The first thing to do is find a theme, quote, and/or detail that you think is "notable" from those pages. Different editions of the book will have slightly different page numbering, so I doubt that I can nail down an exact page number for you. Additionally, that is a huge page range for you to choose from. The book is loaded with notable events and quotes. McCarthy's narrative doesn't spend much time giving "useless" information. He moves readers from one graphic and jarring event to the next with fair regularity. If I had to pick something, I really like the sequence that begins on page 125 of my version. It is the sequence where the Man has found the flare gun. The Boy is amazed by the find, and he is genuinely curious about shooting it. He wants to know if it could kill somebody, and the Man replies that the gun would most likely light the person on fire. The Boy asks about it as a signal device, and the Man confirms that wasn't his reason for getting it. The Boy correctly interprets it is because there is nobody left to signal. The Boy then makes a wonderful connection. If there isn't anybody to signal, there isn't any harm in shooting the flare off at night. The Boy says it would be a celebration of sorts. A few pages later, they shoot the flare at night. The Boy then makes a comment that the flare signal isn't something that can be seen from far away. That disappoints him, and the boy then questions whether or not God would be able to see it, and the section ends.

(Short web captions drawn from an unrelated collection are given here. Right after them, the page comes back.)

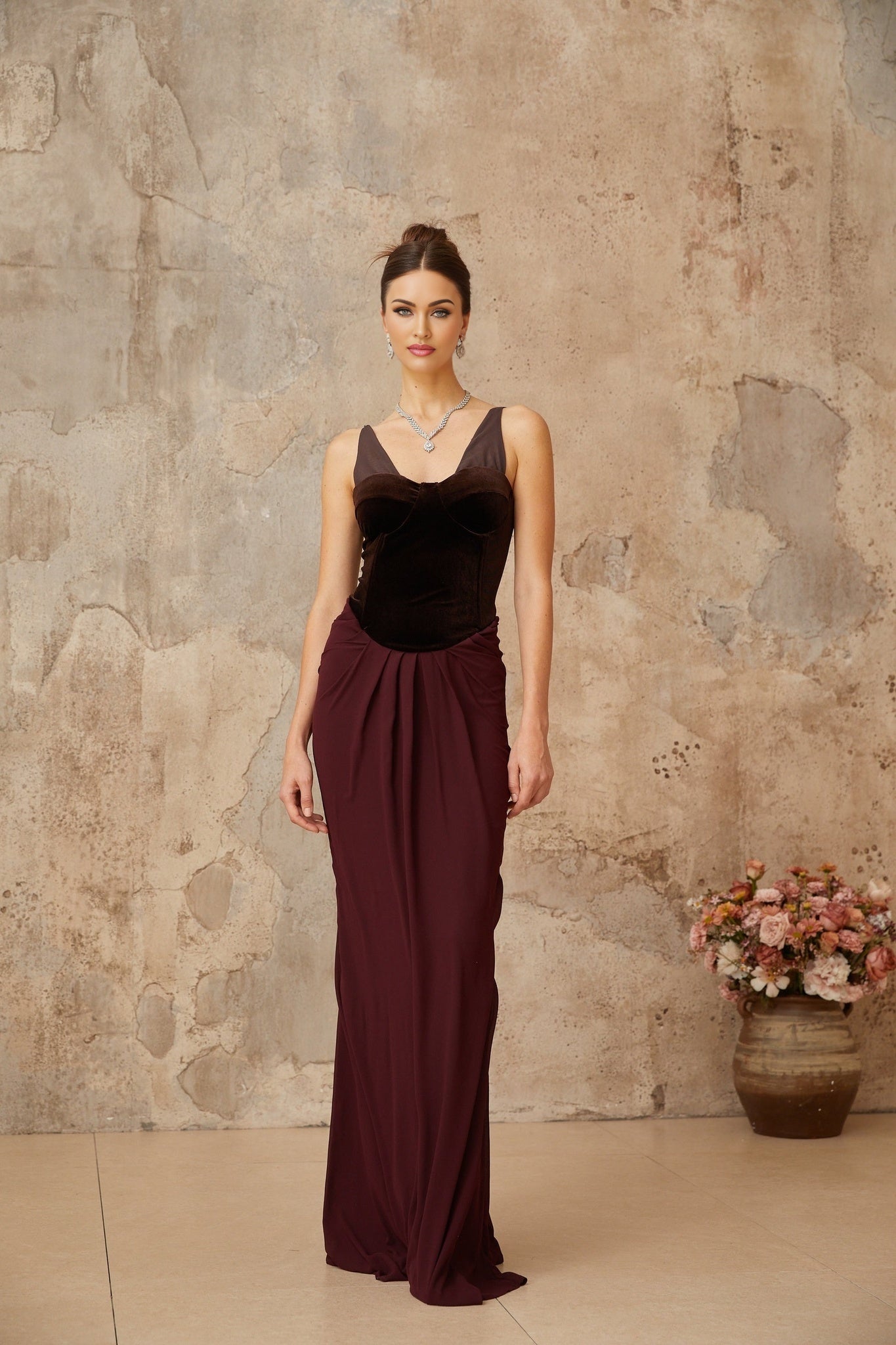 A long burgundy maxi dress with velvet panels and shirred detailing featuring a flowing silhouette and rich deep red color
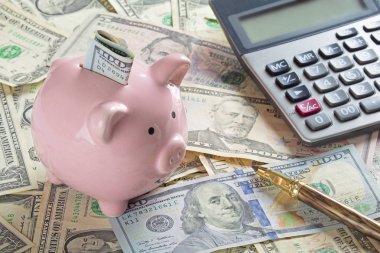 Amerikan banknotları ve sikkeler, hesap makinesi, kalem ve kumbara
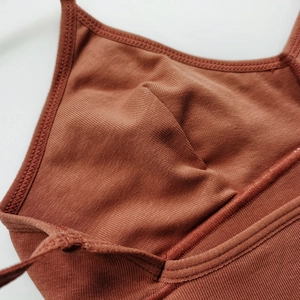 Seamless brown ribbed cotton sports bra with low back design and U-neck silhouette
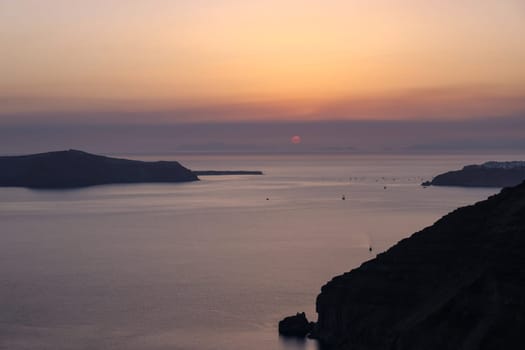 Sunset over Santorini as seen from Fira. Cyclades, Greece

What I like so much about this event is how it is a bright spot of sorts in the book. The flare gun is symbolic of hope. There is hope that good guys might see it. There is a wonder about whether or not God could see it. Regardless of either possibility, the gun also concretely brings a moment of joy for the Boy and the Man. They really have nothing to celebrate, yet the Boy still maintains his innocence and hope; therefore, he still holds on to ideas like celebrating something in a loud and bright way. The flare gun does this literally and figuratively. If your diary entry has to be from your perspective about your thoughts on the book, then I would discuss the flare gun's symbolism.
The diary entry could be a bit more fun to write if you are allowed some basic creative writing freedom. Write the journal entry from either the Man's perspective or the Boy's perspective. You can include all of the stuff about the flare gun being symbolic of something, but you can explore a bit of what McCarthy doesn't write about. Readers get very little information about what any character is thinking about unless that character says it. We get information on what is happening, what they see, what they do, etc.; however, what characters think is minimal. A diary entry from their perspective could explore what the Man thinks about the Boy's suggestion of a celebration. You could explore why the Boy wants to shoot gun but decides that he is too scared to do it himself. Write about what was going through the Boy's head while he watched the flare arc over in the night sky.